A 3D rotation around an arbitrary point $(x_0, y_0, z_0)$ is described by
$$\left[ \begin{matrix} x^\prime \\ y^\prime \\ z^\prime \end{matrix} \right] =
\left[ \begin{matrix} X_x & Y_x & Z_x \\ X_y & Y_y & Z_y \\ X_z & Y_z & Z_z \end{matrix} \right] \left[ \begin{matrix} x - x_0 \\ y - y_0 \\ z - z_0 \end{matrix} \right] + \left[ \begin{matrix} x_0 \\ y_0 \\ z_0 \end{matrix} \right]$$
which, as OP noted, first subtracts the center point, rotates around the origin, then adds back the center point; equivalently written as
$$\vec{p}^\prime = \mathbf{R} \left( \vec{p} - \vec{p}_0 \right) + \vec{p}_0$$
We can combine the two translations, saving three subtractions per point – not much, but might help in a computer program. This is because
$$\vec{p}^\prime = \mathbf{R} \vec{p} + \left( \vec{p}_0 - \mathbf{R} \vec{p}_0 \right)$$
In other words, you can use the simple form, either
$$\left[ \begin{matrix} x^\prime \\ y^\prime \\ z^\prime \end{matrix} \right] =
\left[ \begin{matrix} X_x & Y_x & Z_x \\ X_y & Y_y & Z_y \\ X_z & Y_z & Z_z \end{matrix} \right] \left[ \begin{matrix} x \\ y \\ z \end{matrix} \right] + \left[ \begin{matrix} T_x \\ T_y \\ T_z \end{matrix} \right]$$
or, equivalently,
$$\left[ \begin{matrix} x^\prime \\ y^\prime \\ z^\prime \\ 1 \end{matrix} \right] = \left[ \begin{matrix} X_x & Y_x & Z_x & T_x \\ X_y & Y_y & Z_y & T_y \\ X_z & Y_z & Z_z & T_z \\ 0 & 0 & 0 & 1 \end{matrix} \right] \left[ \begin{matrix} x \\ y \\ z \\ 1 \end{matrix} \right]$$
where
$$\left[ \begin{matrix} T_x \\ T_y \\ T_z \end{matrix} \right] =
\left[ \begin{matrix} x_0 \\ y_0 \\ z_0 \end{matrix} \right] -
\left[ \begin{matrix} X_x & Y_x & Z_x \\ X_y & Y_y & Z_y \\ X_z & Y_z & Z_z \end{matrix} \right] \left[ \begin{matrix} x_0 \\ y_0 \\ z_0 \end{matrix} \right]$$
to apply a rotation $\mathbf{R}$ around a centerpoint $(x_0, y_0, z_0)$.

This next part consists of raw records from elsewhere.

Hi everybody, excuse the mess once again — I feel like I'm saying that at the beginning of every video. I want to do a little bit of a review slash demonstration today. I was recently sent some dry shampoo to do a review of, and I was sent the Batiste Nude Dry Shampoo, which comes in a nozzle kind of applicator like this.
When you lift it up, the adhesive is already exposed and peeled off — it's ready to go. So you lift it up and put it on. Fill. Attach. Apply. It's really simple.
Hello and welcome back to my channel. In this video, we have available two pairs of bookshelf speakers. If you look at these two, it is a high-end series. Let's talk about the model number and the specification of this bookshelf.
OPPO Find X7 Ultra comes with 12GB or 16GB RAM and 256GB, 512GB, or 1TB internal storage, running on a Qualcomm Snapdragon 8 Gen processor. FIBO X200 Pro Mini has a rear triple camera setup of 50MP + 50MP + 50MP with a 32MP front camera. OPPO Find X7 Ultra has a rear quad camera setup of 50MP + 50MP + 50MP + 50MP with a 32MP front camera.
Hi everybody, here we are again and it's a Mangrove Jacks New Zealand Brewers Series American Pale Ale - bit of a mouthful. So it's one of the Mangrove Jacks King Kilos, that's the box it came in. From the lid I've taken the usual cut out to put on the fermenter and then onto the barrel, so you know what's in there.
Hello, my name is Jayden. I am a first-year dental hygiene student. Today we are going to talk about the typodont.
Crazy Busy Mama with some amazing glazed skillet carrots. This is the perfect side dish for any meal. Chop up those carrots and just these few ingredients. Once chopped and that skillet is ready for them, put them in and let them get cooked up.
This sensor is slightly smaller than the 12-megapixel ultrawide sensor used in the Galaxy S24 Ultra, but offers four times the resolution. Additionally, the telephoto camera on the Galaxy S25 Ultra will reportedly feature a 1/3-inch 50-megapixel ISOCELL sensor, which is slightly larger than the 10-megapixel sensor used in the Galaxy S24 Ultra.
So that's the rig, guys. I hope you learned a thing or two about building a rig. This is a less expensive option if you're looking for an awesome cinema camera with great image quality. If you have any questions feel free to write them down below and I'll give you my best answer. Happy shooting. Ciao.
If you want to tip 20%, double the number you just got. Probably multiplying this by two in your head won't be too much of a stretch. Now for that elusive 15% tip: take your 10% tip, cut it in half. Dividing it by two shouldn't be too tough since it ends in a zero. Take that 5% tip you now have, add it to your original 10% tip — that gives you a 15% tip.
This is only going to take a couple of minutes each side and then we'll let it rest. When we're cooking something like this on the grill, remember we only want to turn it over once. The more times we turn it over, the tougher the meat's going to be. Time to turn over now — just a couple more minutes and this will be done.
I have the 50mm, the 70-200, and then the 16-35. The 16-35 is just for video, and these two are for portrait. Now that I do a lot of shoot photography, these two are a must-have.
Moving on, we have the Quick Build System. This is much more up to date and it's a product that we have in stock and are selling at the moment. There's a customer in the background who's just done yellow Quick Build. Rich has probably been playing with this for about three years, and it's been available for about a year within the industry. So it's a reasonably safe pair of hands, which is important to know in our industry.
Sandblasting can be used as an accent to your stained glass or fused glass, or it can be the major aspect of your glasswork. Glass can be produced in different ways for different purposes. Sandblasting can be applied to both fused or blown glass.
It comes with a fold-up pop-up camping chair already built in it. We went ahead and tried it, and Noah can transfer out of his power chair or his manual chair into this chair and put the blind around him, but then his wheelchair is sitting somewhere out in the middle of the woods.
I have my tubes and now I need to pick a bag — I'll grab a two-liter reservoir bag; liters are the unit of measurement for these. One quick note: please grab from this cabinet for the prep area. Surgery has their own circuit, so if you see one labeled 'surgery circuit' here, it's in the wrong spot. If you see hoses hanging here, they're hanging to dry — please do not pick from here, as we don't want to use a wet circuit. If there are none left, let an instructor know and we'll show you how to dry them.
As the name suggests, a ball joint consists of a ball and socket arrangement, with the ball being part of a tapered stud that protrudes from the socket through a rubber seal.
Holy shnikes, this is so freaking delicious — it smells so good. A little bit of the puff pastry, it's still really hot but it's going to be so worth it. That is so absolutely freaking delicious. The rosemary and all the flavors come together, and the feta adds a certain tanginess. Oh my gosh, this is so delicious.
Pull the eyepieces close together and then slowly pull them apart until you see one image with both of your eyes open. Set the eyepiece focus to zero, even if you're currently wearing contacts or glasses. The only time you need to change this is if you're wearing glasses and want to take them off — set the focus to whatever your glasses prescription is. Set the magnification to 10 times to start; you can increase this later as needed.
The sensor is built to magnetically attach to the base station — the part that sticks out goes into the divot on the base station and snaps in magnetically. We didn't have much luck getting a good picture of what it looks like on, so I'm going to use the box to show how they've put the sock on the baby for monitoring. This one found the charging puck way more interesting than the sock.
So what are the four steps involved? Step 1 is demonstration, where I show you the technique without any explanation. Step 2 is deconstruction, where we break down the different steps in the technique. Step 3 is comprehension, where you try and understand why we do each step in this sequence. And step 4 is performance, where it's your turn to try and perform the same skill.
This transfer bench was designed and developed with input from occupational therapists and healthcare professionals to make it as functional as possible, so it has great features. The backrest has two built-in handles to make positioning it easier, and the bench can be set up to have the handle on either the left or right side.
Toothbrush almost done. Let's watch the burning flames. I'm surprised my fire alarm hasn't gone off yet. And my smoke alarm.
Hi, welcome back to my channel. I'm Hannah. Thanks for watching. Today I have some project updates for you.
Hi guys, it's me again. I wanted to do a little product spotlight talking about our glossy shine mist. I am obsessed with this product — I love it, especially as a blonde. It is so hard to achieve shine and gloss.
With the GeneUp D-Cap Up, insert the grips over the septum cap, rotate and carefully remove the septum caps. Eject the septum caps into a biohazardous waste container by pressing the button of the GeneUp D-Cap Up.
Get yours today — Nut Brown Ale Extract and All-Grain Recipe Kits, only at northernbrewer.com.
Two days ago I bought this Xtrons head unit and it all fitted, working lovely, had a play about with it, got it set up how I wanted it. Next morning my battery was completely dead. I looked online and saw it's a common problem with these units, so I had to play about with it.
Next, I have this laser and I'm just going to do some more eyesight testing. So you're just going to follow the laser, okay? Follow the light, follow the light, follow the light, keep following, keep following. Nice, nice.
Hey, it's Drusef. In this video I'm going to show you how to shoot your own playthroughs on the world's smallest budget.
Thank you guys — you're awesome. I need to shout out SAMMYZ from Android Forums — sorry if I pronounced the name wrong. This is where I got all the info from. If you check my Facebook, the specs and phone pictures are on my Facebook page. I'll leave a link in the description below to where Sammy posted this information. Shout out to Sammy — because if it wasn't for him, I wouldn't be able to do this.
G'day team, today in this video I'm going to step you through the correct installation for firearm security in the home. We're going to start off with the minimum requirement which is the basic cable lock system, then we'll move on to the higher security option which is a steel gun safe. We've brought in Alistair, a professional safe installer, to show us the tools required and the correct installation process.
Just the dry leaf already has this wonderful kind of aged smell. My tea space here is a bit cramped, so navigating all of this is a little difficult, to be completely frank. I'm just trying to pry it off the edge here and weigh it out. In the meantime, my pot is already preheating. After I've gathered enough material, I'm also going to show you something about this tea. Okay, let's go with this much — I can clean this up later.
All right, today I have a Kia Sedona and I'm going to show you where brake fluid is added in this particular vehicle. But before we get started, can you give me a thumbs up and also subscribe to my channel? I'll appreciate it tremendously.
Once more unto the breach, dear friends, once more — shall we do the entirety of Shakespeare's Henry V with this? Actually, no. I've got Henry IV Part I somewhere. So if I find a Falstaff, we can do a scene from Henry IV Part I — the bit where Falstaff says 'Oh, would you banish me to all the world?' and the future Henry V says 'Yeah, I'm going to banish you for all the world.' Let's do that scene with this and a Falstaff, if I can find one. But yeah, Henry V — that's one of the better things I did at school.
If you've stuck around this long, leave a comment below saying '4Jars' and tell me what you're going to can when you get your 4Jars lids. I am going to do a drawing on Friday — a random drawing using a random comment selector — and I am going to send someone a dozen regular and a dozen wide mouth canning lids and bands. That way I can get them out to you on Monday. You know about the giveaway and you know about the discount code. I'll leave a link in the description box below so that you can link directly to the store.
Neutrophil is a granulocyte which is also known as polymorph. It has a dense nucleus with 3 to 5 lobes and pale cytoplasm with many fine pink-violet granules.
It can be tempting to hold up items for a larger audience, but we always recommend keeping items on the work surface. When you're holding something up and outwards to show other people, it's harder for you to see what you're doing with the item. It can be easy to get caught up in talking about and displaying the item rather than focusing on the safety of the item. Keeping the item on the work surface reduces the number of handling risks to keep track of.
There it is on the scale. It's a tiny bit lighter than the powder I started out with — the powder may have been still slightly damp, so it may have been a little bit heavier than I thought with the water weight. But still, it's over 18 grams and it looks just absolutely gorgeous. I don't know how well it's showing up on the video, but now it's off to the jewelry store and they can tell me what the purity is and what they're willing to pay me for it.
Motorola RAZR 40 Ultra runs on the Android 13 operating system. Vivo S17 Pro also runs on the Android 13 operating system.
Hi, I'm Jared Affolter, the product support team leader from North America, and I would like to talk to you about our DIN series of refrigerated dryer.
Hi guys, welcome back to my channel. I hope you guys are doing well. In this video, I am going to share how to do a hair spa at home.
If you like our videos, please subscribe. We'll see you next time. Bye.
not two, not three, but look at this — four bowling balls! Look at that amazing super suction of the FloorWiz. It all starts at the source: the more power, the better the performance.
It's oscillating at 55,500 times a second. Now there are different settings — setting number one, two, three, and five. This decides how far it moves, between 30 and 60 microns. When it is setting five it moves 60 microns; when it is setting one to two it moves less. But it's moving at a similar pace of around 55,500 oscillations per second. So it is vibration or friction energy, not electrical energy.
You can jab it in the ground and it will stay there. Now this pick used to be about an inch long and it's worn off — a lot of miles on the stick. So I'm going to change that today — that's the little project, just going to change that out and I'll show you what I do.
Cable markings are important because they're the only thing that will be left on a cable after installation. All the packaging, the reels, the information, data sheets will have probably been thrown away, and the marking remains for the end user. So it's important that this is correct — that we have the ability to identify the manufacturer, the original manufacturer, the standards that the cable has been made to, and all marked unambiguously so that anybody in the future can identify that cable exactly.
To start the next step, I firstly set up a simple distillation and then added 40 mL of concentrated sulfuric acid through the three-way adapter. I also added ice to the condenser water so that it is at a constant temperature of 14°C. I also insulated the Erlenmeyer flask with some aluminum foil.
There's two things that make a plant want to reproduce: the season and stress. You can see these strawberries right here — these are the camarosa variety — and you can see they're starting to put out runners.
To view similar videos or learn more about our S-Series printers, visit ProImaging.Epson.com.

The 4×4 matrix form is particularly useful if you use SIMD, like SSE or AVX, with four-component vectors; that's one reason why many 3D libraries use it. Another is that the same form can be used for projection.
For the time being I have to implement every basic arithmetic operation for the linear algebra, and the bulk of the work is in calculating the rotation matrix itself. I should have been clearer in the questions, but I was also hoping for a method that required fewer arithmetic operations than multiplying 5 3x3 matrices. Any hope for that?
– K0ICHI Jun 11 '20 at 13:43